• **Task requirements**
Your reply must contain the full listing below, reproduced exactly, but no pictures.

• **Dataset extract**

- Opening Delimiter -

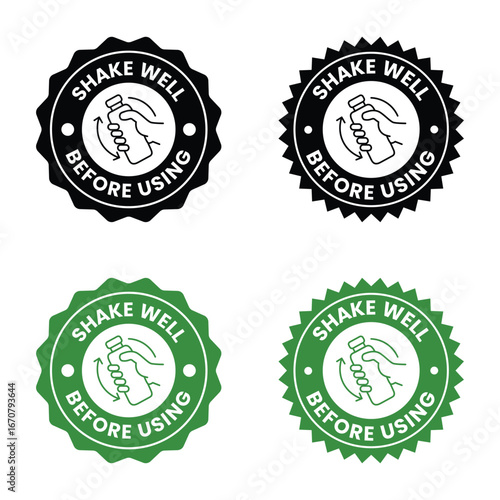 Shake well before using icon set. Shake well before using label product, sign, logo, badge, icons, sticker, symbol, black, circle, line, flat vector, isolated illustration. Shaking Bottle with hand.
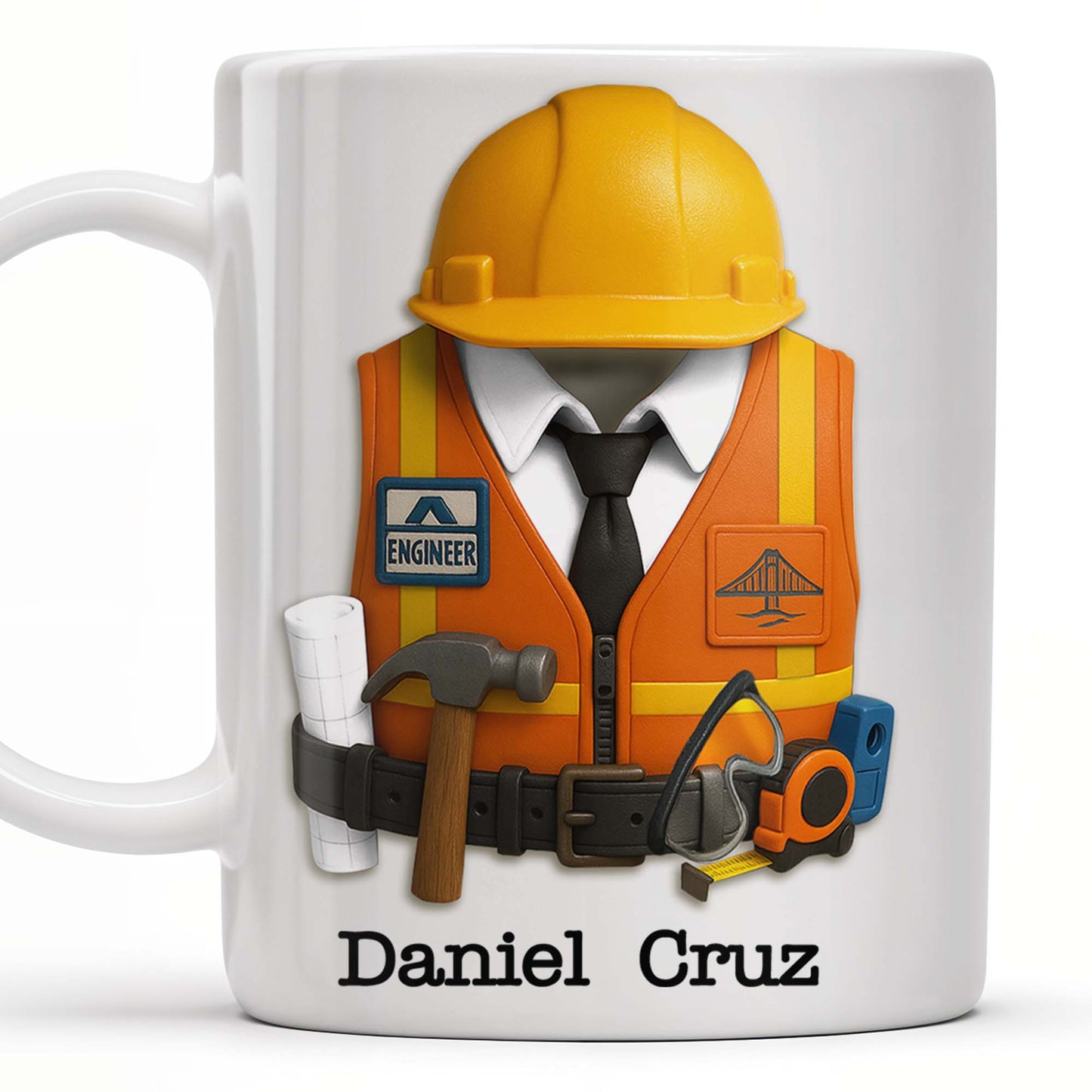 Celebrate Your Everyday Hero with This Engineer-Themed Coffee Mug Featuring Helmet, Tie, Vest, Tools - Personalized Custom Coffee Mug - GRAD298_MG
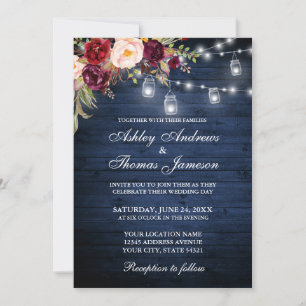 Invitation Russe Mariage Bleu Bois Lumières Jarres Floral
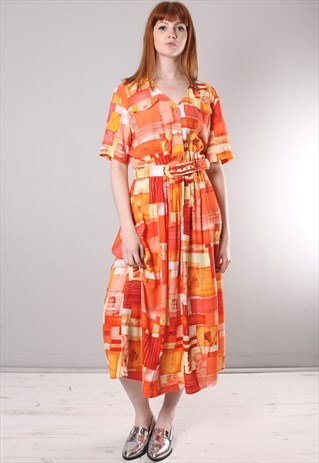 VINTAGE 80S ORANGE PATTERNED BELTED MIDI DRESS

- Closing Delimiter -

• **Exercise output**
 Shake well before using icon set. Shake well before using label product, sign, logo, badge, icons, sticker, symbol, black, circle, line, flat vector, isolated illustration. Shaking Bottle with hand.
 Celebrate Your Everyday Hero with This Engineer-Themed Coffee Mug Featuring Helmet, Tie, Vest, Tools - Personalized Custom Coffee Mug - GRAD298_MG
 Invitation Russe Mariage Bleu Bois Lumières Jarres Floral
 VINTAGE 80S ORANGE PATTERNED BELTED MIDI DRESS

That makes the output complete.